Look below for the line with "An image of" and the line with "21 Августа 2025"; repeat exactly those two lines and all lines between them, but no pictures.

## PROVIDED INFORMATION
┌────────

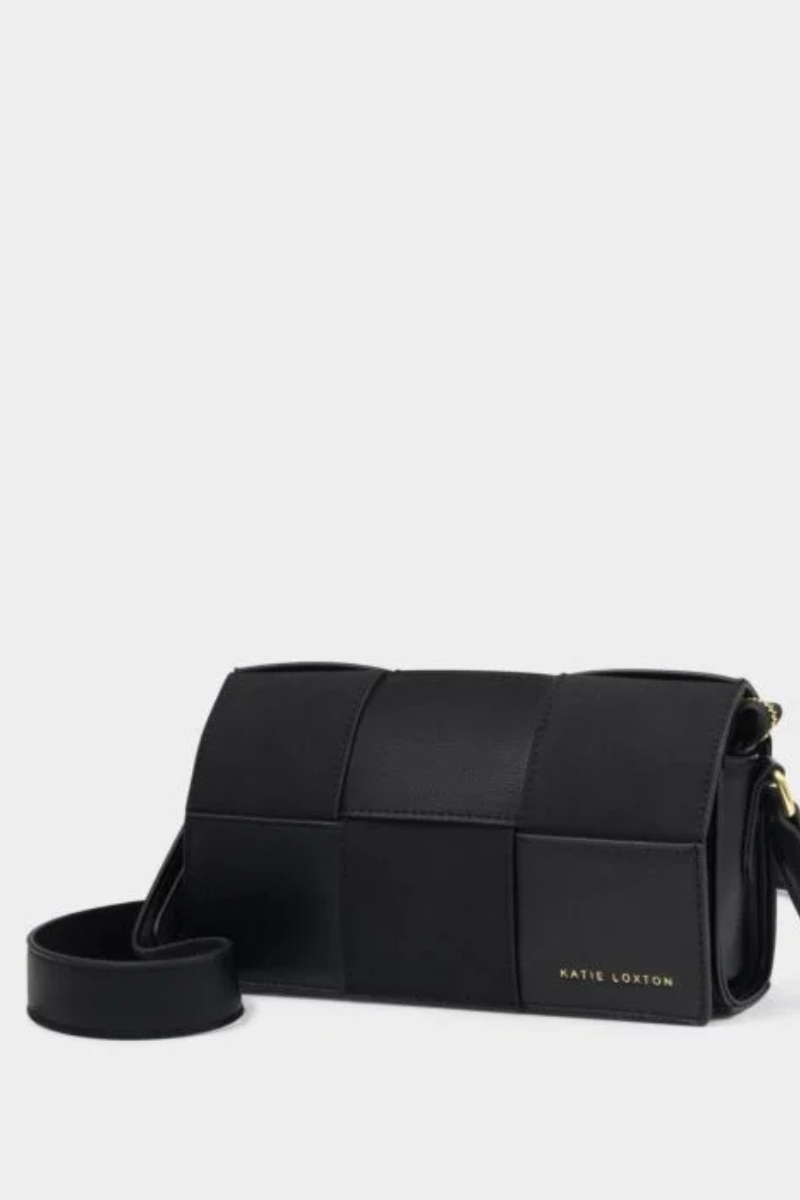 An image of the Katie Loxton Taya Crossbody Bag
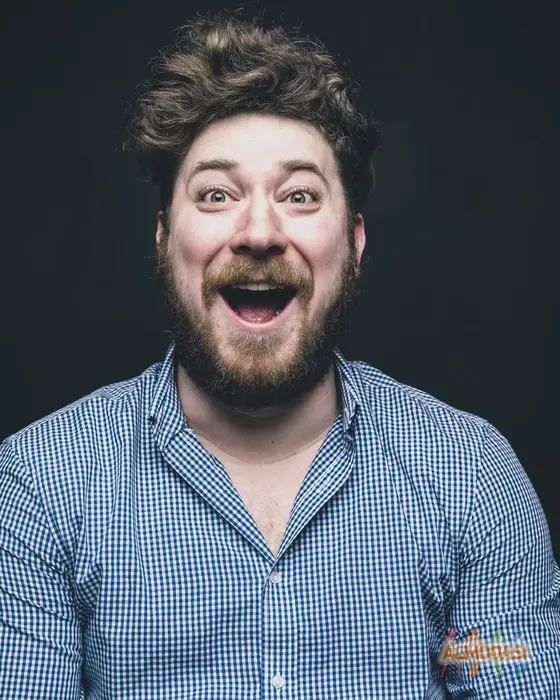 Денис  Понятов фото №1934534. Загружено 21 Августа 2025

└────────
┌────────

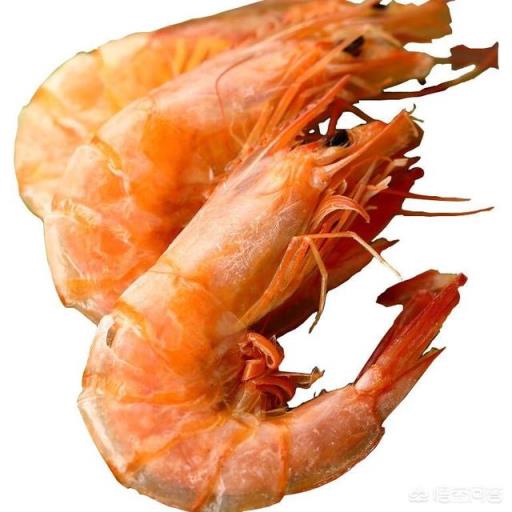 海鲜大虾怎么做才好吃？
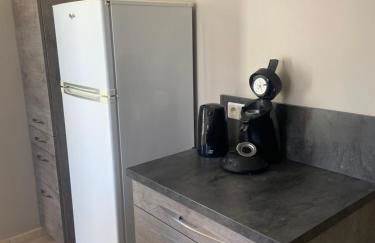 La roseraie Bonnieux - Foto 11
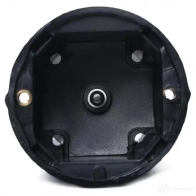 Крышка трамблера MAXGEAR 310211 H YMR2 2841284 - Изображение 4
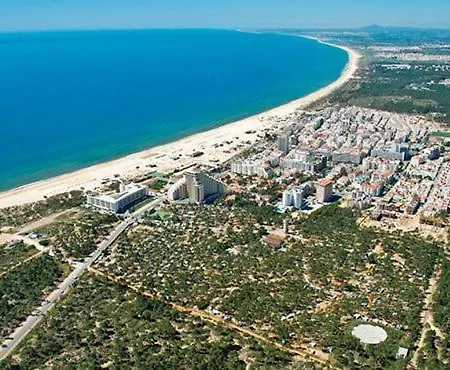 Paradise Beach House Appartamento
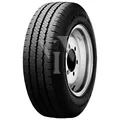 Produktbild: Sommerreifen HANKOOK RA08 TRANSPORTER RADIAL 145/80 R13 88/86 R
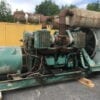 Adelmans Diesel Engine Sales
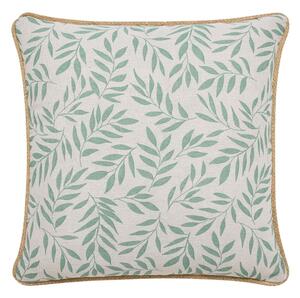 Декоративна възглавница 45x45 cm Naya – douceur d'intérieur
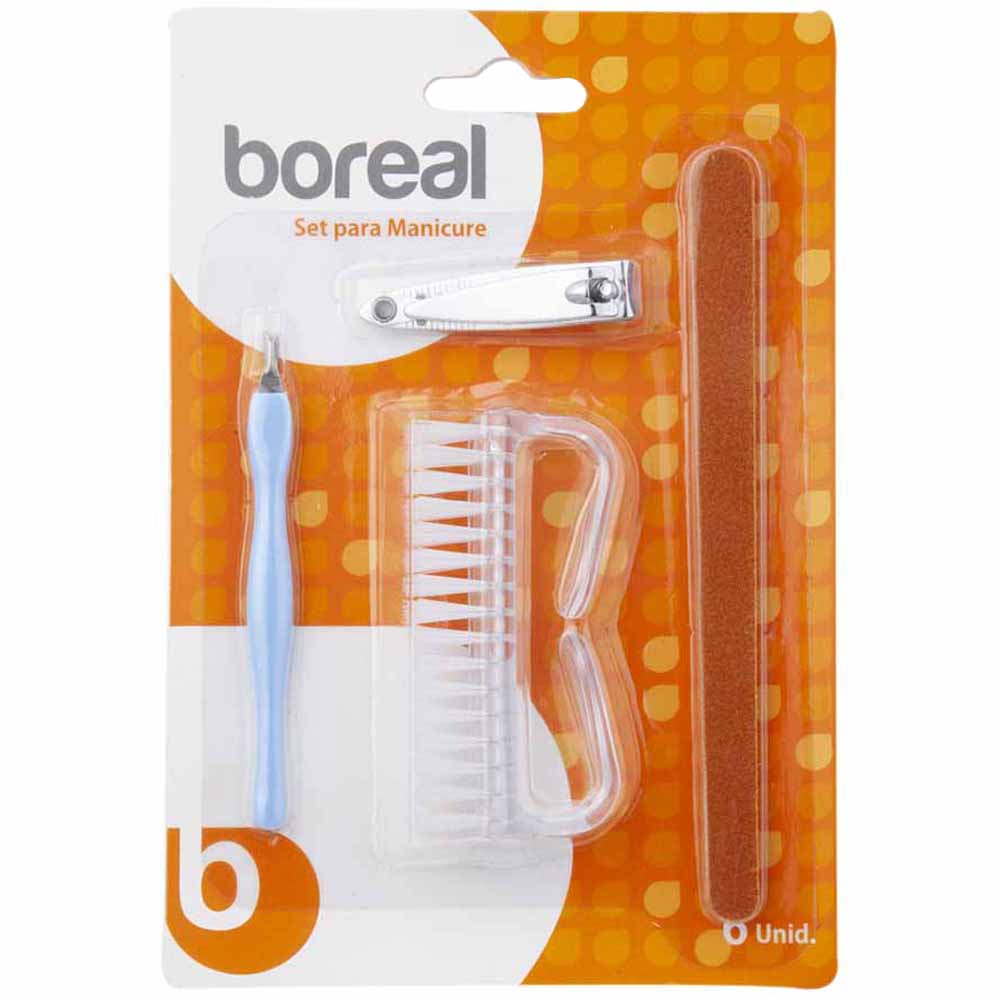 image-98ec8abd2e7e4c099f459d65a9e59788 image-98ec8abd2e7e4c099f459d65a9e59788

└────────

## ANSWER SECTION
 An image of the Katie Loxton Taya Crossbody Bag
 Денис  Понятов фото №1934534. Загружено 21 Августа 2025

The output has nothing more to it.